(SUPPLIED INFORMATION)
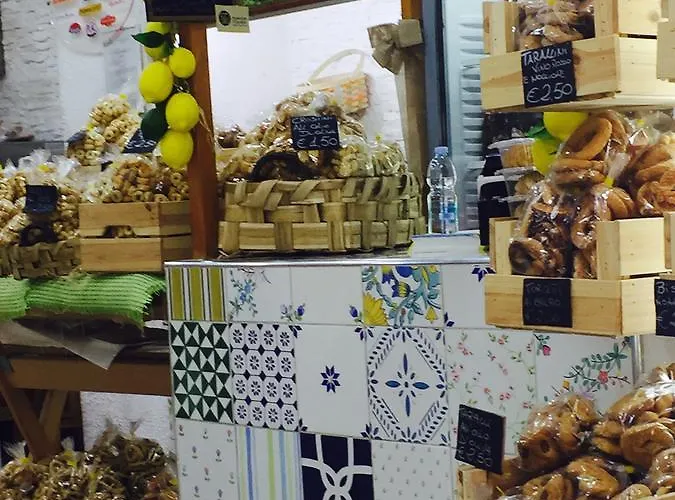 Dante & Beatrice Νάπολη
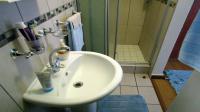 Bathroom 2 - 4 square meters of property in Umtentweni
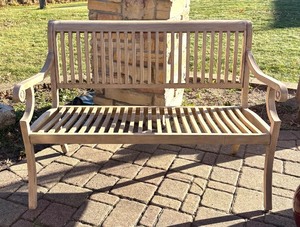 lot 265R image: SY - Outdoor Metal Bench with Slatted Design and Curved Arms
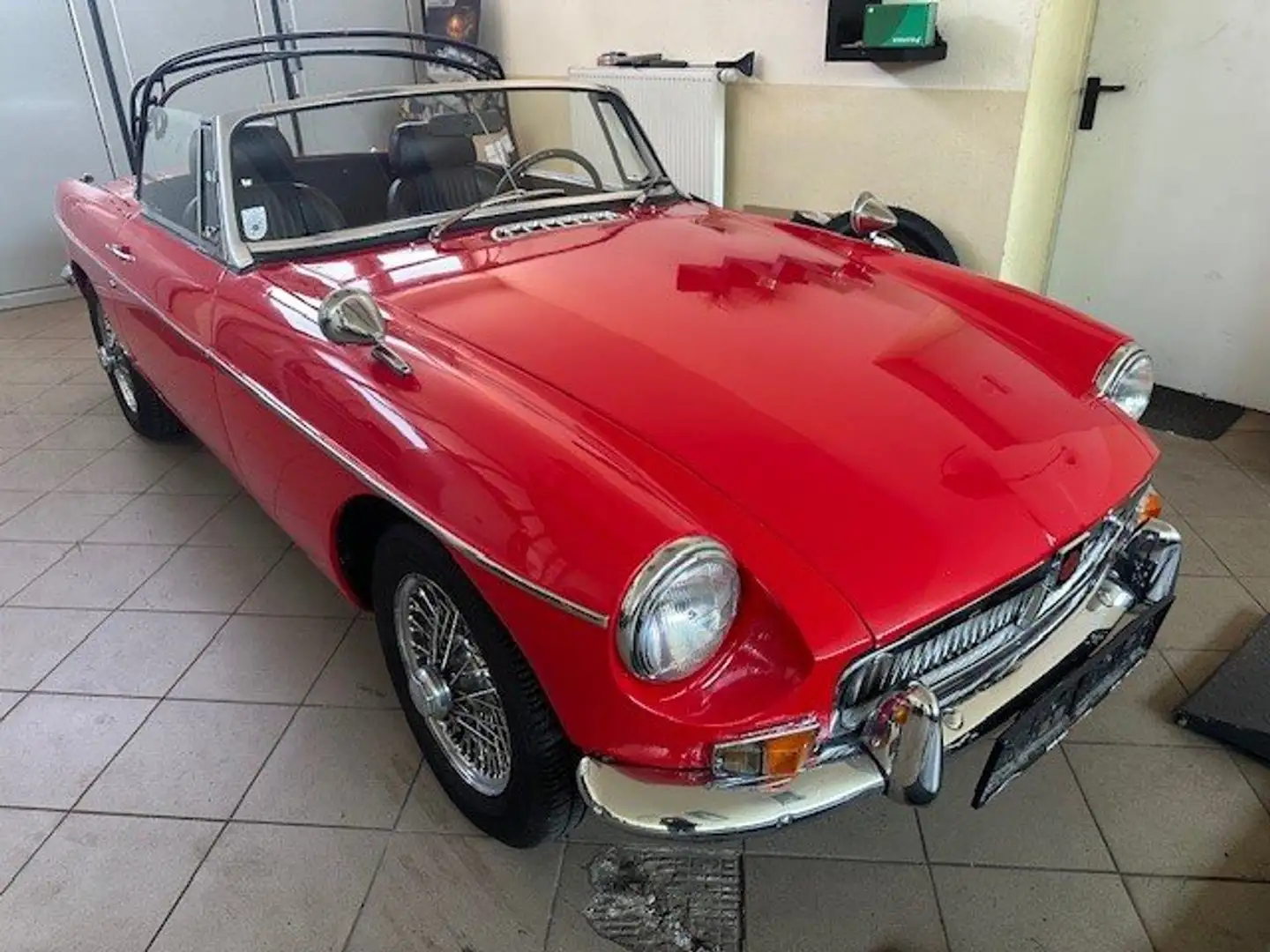 Vehicle image, number 2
(End SUPPLIED INFORMATION)
__WORK INSTRUCTIONS__
Your copy must consist solely of the lines from the one containing "lot 265R image: SY" through the final line of the material above, transcribed exactly, with the pictures left out.

__RESPONSE BELOW__
 lot 265R image: SY - Outdoor Metal Bench with Slatted Design and Curved Arms
 Vehicle image, number 2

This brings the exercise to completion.